12 AM, Pillow and Blanket

922 303 59
                                    

Tak lebih dari suara hati nurani yang manusiawi

Ups! Gambar ini tidak mengikuti Pedoman Konten kami. Untuk melanjutkan publikasi, hapuslah gambar ini atau unggah gambar lain.

Tak lebih dari suara hati nurani yang manusiawi.

Taehyun rasa hanya itu yang membuatnya merasakan jiwa emosional asing tatkala dia bertemu pandang dengan netra kelam itu. Bagai meneriakkan pertolongan, uluran tangan seseorang, juga rengkuhan belas kasih. Taehyun bisa saja nekad membawa kabur anak yang terkurung digudang itu kalau lupa bahwa dirinya saja masih anak-anak.

Apalah yang bisa diusahakannya, kalau tidak dengan ending tertangkap dan kembali terperangkap dalam kendali tangan orang-orang dewasa. Dengan pilar yang teratas; kedua orang tuanya.

Taehyun menyantap makan siang dengan lesu. Rasanya berat sekali ketika memindahkan seluruh kue jahe ke piring Beomgyu, dan meninggalkan anak misterius itu di dalam gudang sana. Rasanya resah. Rasanya ingin sekali mengamuk tanpa kendali. Tetapi Taehyun masih mencoba agar tetap waras. Berusaha bersikap tenang adalah rahasia paling jitu untuk mengatasi gejala kecemasan.

"Bibi," panggilnya, masih mengaduk nasinya yang sudah mendingin. "Kapan mama papa dan paman pulang, kemarin?"

Yang dipanggil langsung menoleh sekilas. "Oh, Tuan dan Nyonya langsung pulang saat menjelang sore, tepat saat kau jatuh di depan—"

"Jangan katakan pada Taehyun, kalau dia pernah melihat sesuatu di dalam gudang itu. Kau sendiri paham apa kegunaan tempat itu."

Bibi Han meneguk salivanya gugup tepat saat dia teringat kalimat yang ditandaskan Kang Minwoo tempo lalu. Buru-buru memalingkan wajah. "Hum, kemarin mereka pulang menjelang sore, saat kau ketiduran dikamarmu."

Taehyun menaikkan sebelah alis, mencoba mencocokkan ujaran tersebut dengan memorinya. "Benarkah?"

"Ya."

Ponsel Han Pyori berdering pada saat itu juga. Membuatnya reflek melangkah cepat untuk mendapatkannya di atas meja ruang tengah dan menjawab panggilan masuk itu.

"Halo?" Terdengar suara respon yang samar di rungu Taehyun ketika dia mencoba menyusul. Dilanjutkan reaksi spontan Bibi yang agak mengejutkannya. "Hah? A-apa?!"

***

Anaknya Bibi Han jatuh sakit. Katanya, Bibi perlu segera pergi ke kampung halaman guna menemui putrinya tersebut.
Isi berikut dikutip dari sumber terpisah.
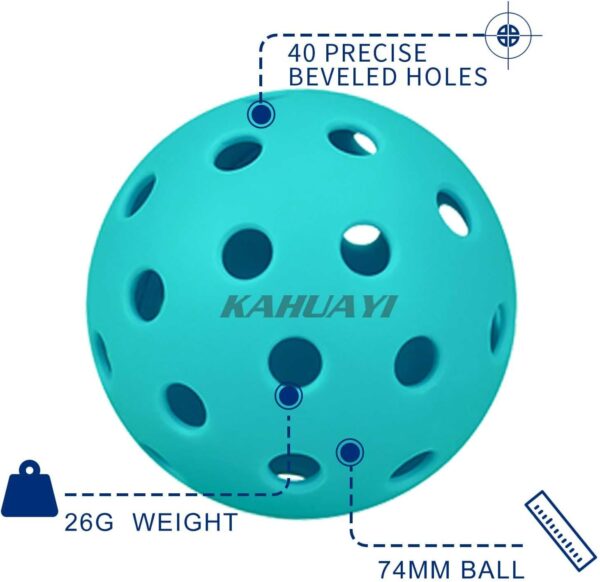Outdoor Pickleball Balls Indoor 4 Pack Pickleball with 40 Holes- Great Durability, Bounce Meet USAPA Requirement Pickleball Balls Teal Green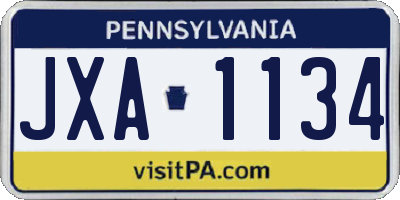 PA license plate JXA1134
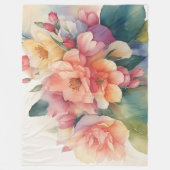 繊細な水色のフローラ絵画の フリースブランケット (正面)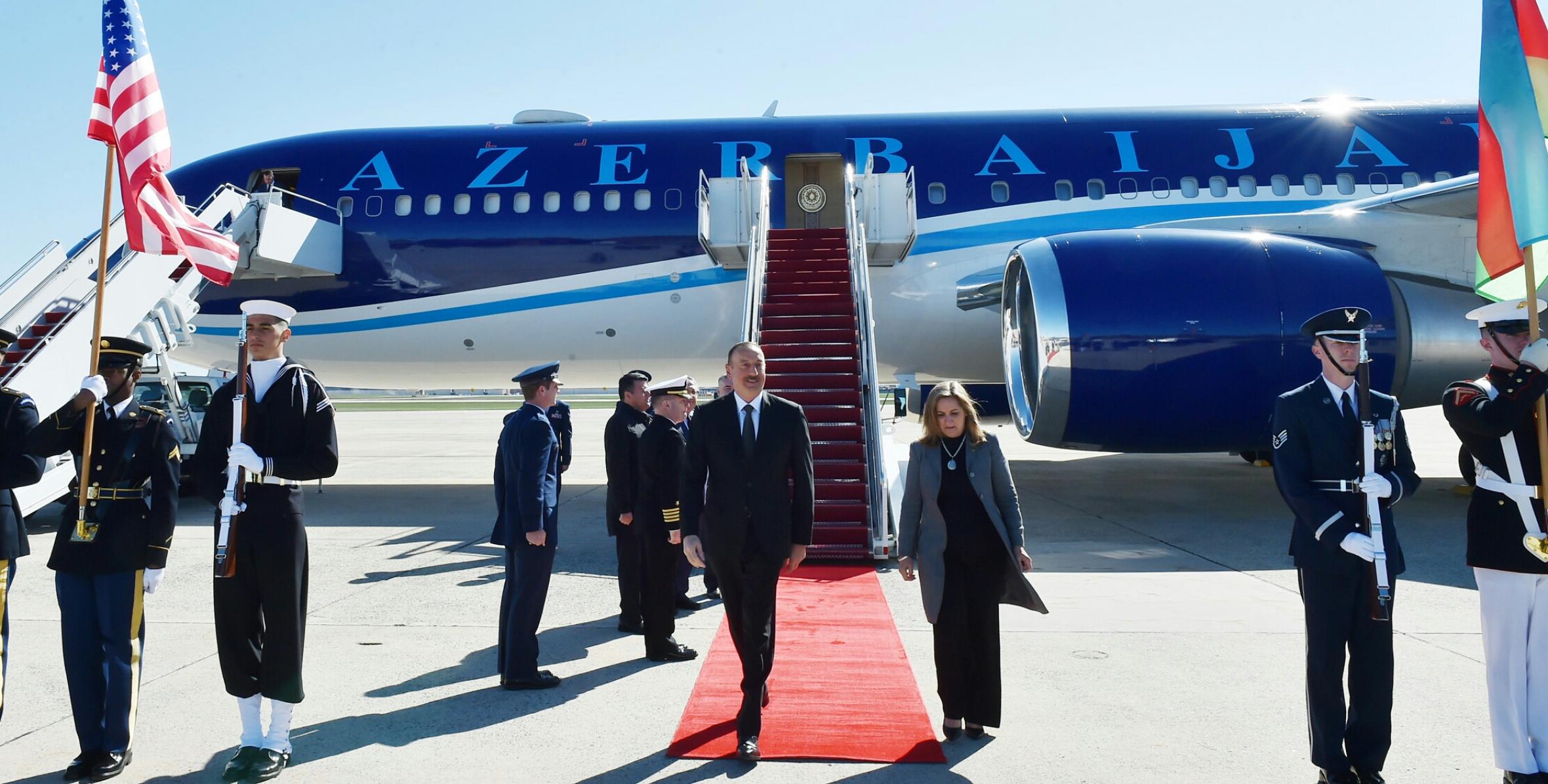 Ilham Aliyev arrived in US for a visit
Taehyun berusaha untuk tak acuh ketika mendapati Bibi mengemasi barang-barangnya ke koper dengan gesit, menahan tangis, juga dengan pikiran kalut dan sebelah tangan tak putus menepis bulir air mata yang turun di pipi.

Apakah sakitnya separah itu? Batin Taehyun bertanya-tanya. Kepalanya terus menghadap ke kamar wanita itu meski dia tengah duduk di sofa ruang tengah.

"Taehyun-ah."

Taehyun refleks beranjak ketika Han Pyori mendekat. Mengerjap cepat. "Ya, Bi?"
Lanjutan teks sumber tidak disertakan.